Kylian Mbappé has spent most of his adult life being described like a future event.

The next great player. The next defining footballer. The next Ballon d’Or certainty. The next man to bend a World Cup to his will. Yet, the strange thing is, he is already all of those things. Or at least close enough that the distinction barely matters anymore.

At 27, Mbappé is no longer emerging, arriving, or becoming. He is here. A World Cup winner, a World Cup final hat-trick scorer, a generational forward, a global face, and one of very few footballers who can make an entire defensive line look instantly outdated.  

Speaking to Mbappé through Oakley’s “Playertopia” – a campaign merging futuristic style with performance eyewear – just weeks before the World Cup, what becomes clear is that the spectacle is only the visible part. The run, the finish, the celebration, the poster image. That’s the bit everyone sees. But the rest, Mbappé says, is where performance actually begins.

“I think Playertopia is a little bit of everything,” he says. “It’s a mix of emotions, preparation, mindset and expression. For an athlete, especially at the highest level, all of these things matter. People only see the 90 minutes on the pitch, but there’s a whole world around performance that helps prepare you for those moments.”

It is a very modern way of looking at football, which makes sense, because Mbappé is very much a modern footballer. Not just in the obvious sense – the Oakley branding, the campaigns, the image, the ability to move between sport, fashion and culture without it feeling like a forced side quest – but in the way he talks about the game.
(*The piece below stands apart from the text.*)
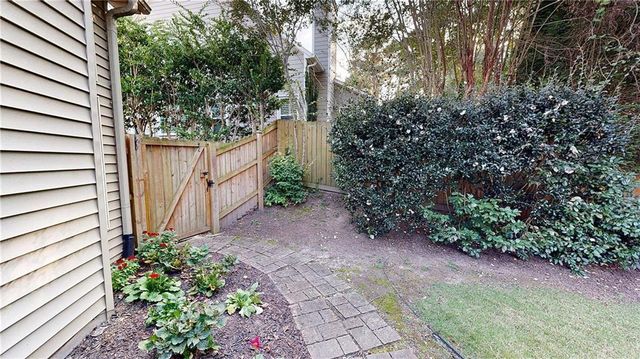 7307 Carriage Creek Road, Woodstock, GA 30189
For him, performance is not just fitness and finishing. It’s mood, a set of conditions built around the player before the moment arrives. “For me, it’s about being mentally ready, physically ready and emotionally ready for the biggest stages,” he says. “We’re entering another huge period with the World Cup coming, and when those moments arrive, you have to be prepared for everything that comes with them. The pressure, the expectation, the intensity.”
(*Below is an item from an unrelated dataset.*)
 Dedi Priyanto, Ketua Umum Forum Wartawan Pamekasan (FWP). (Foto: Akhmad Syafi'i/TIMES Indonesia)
Mbappé knows expectation. He has been carrying it since he was a teenager, which is probably why he talks about pressure so casually, like an annoying but permanent travel companion.

However, Mbappé’s origin story is refreshingly un-mythic. Before all of the glitz and glamour, there was Bondy, of which the coordinates are etched onto the temples of Mbappé’s new aptly-titled Oakley eyewear: Kylian Mbappé Signature Series Permian.
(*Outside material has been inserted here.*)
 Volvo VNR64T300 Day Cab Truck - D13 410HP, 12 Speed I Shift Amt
And when Mbappé talks about Bondy, the commune in the north-eastern suburbs of Paris, the language strips itself back.

“Football gave me happiness,” he remembers. “Honestly, that’s the first thing it gave me, and it’s still the main thing it gives me today. It was always my passion. At the beginning, I never imagined things would happen this quickly or that I would reach this level so early. I was just a kid who wanted to play football with his friends every day.”

There is a tendency with players like Mbappé to reverse-engineer everything, dissecting every childhood kick into a clue, and speaking to every early coach who was a witness to destiny. But Mbappé does not really tell it like that. His version is much cleaner: he liked football because football felt good.

“In Bondy, football was pure freedom. I just wanted a ball around me all the time. I wanted to go to training, play in the street, score goals, laugh with my teammates and enjoy the game.”  

Then comes the important bit. “There was no pressure, no expectations, no outside noise. It was only pleasure and emotion.”

That line feels especially true of Mbappé because so much around him is now the opposite. He is a footballer, yes, but also a symbol, a Team Oakley Athlete, a market, a national talking point, a brand system in himself. So the idea that football should still be about pleasure is not sentimental, it’s almost defiant.

“When I think back to Bondy, I only think about good memories,” he remembers. “That period taught me the most important thing about football, that before anything else, the game should make you happy.”

His route into the game was not built around celebrity worship either. It started closer to home. Both his father and brother played professionally. They were at the stadium in Bondy, so naturally, he wanted to be there too. “It [his career] didn’t begin because of a superstar or because I wanted fame,” Mbappé says. “It started because I wanted to follow the people closest to me. I wanted to kick the ball with them, spend time with them and share that passion.”

That is maybe the most grounding thing about him. For all the talk around Mbappé as an individual force, the first version of football he loved was communal. Family, friends, training, street games and laughter. Before the player became a global solo act, the game gave him a place to belong.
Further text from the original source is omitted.